(Captioned web image data)
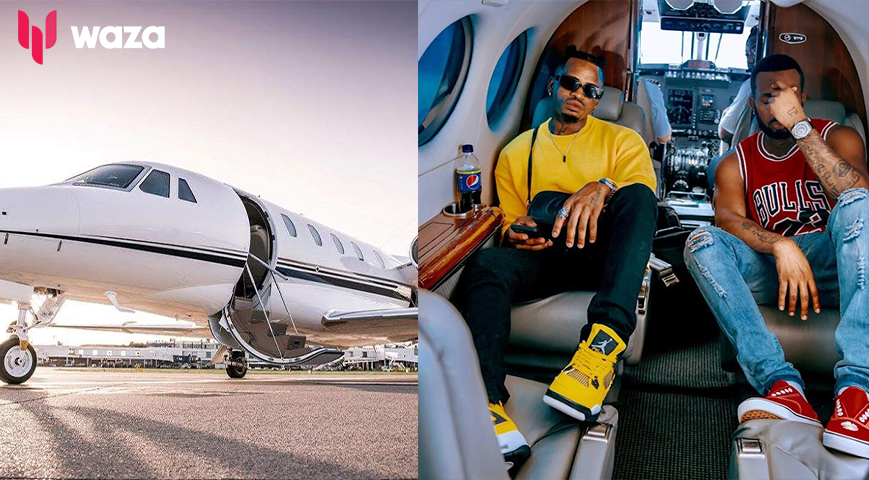 Diamond Platnumz Claims He was Conned Sh 4 Billion While Buying a Private Jet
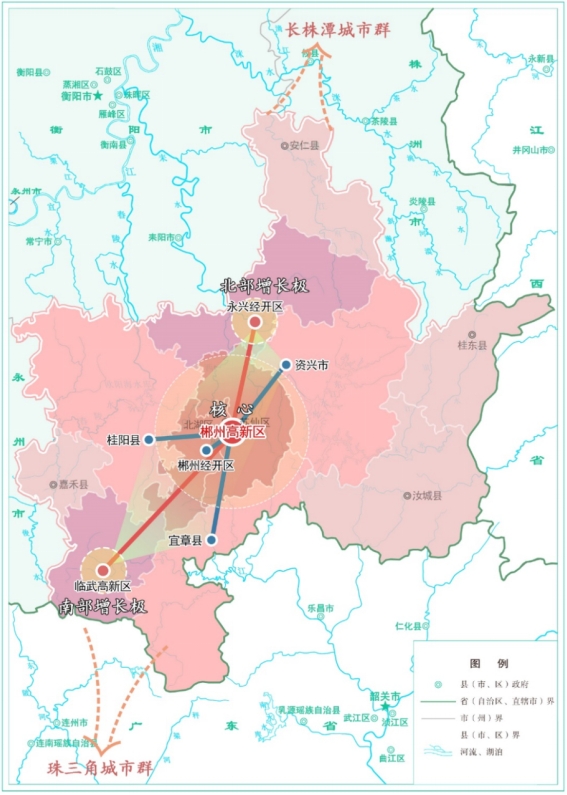 郴州市稀貴金屬新材料產(chǎn)業(yè)集群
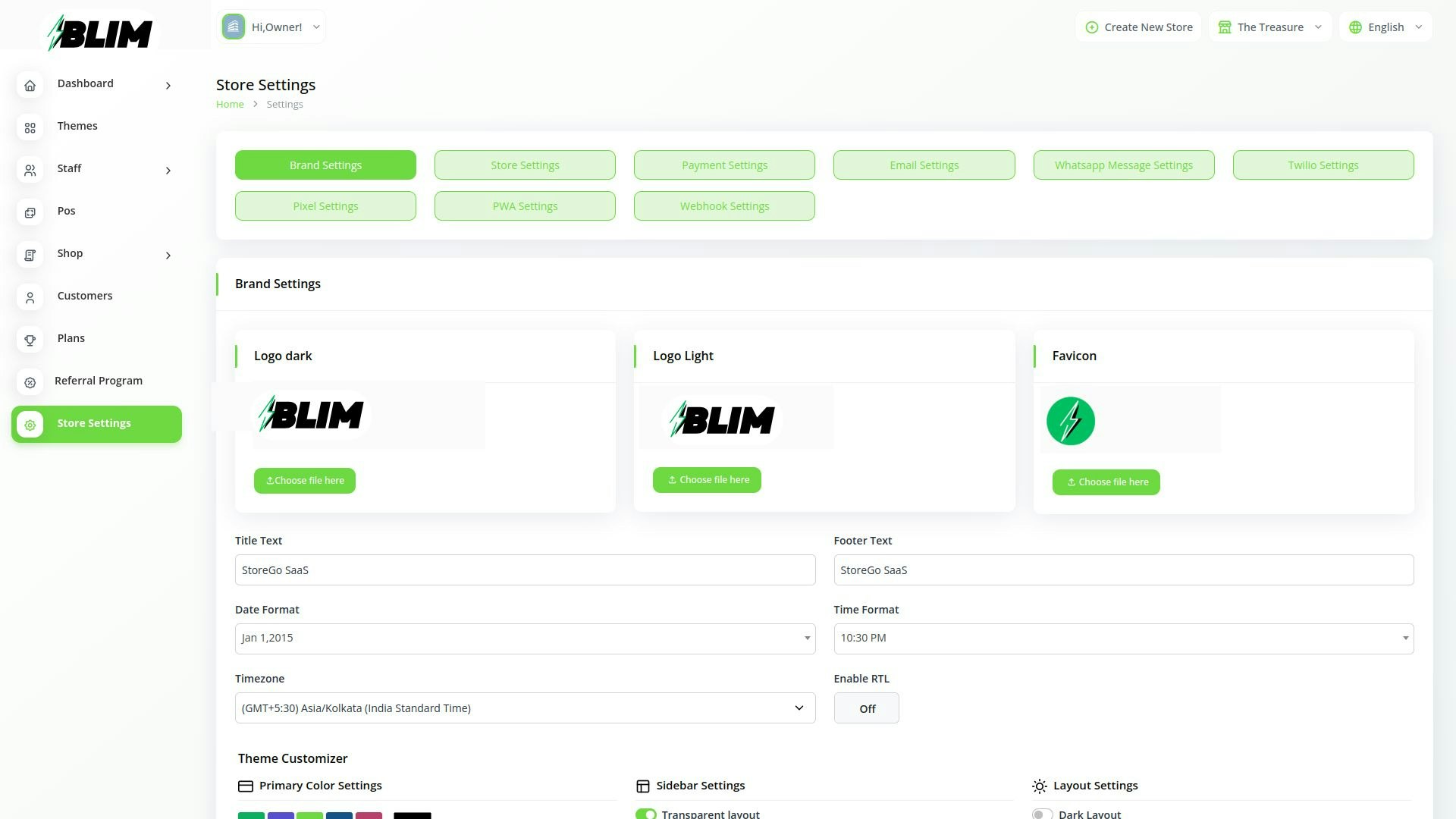 Blim | eCommerce Website Builder with AI - Screenshot 5 preview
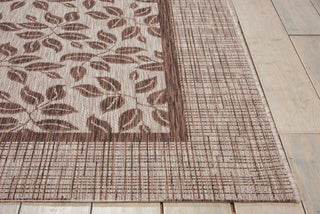 Nourison Garden Party GRD01 Natural Area Rug Detail Image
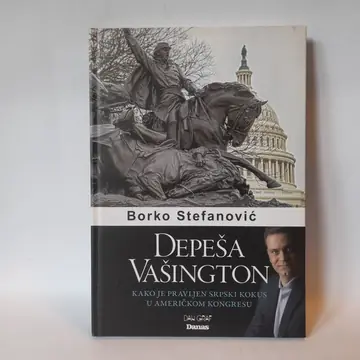 Depeša Vašington — Borko Stefanović, polovna knjiga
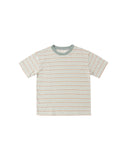 Relaxed Tee - Vintage Stripe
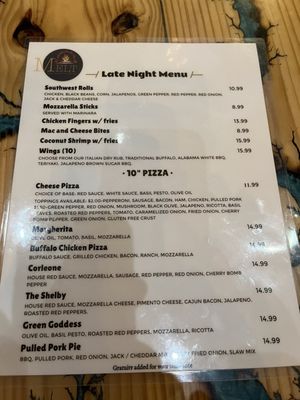 Menu photo 4 Melt Myrtle Beach, SC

### Assignment
Lines from the one containing "Depeša Vašington —" through the end of the entries above, both included, are to be written out exactly; no pictures and no other lines.

### Result below
 Depeša Vašington — Borko Stefanović, polovna knjiga
 Relaxed Tee - Vintage Stripe
 Menu photo 4 Melt Myrtle Beach, SC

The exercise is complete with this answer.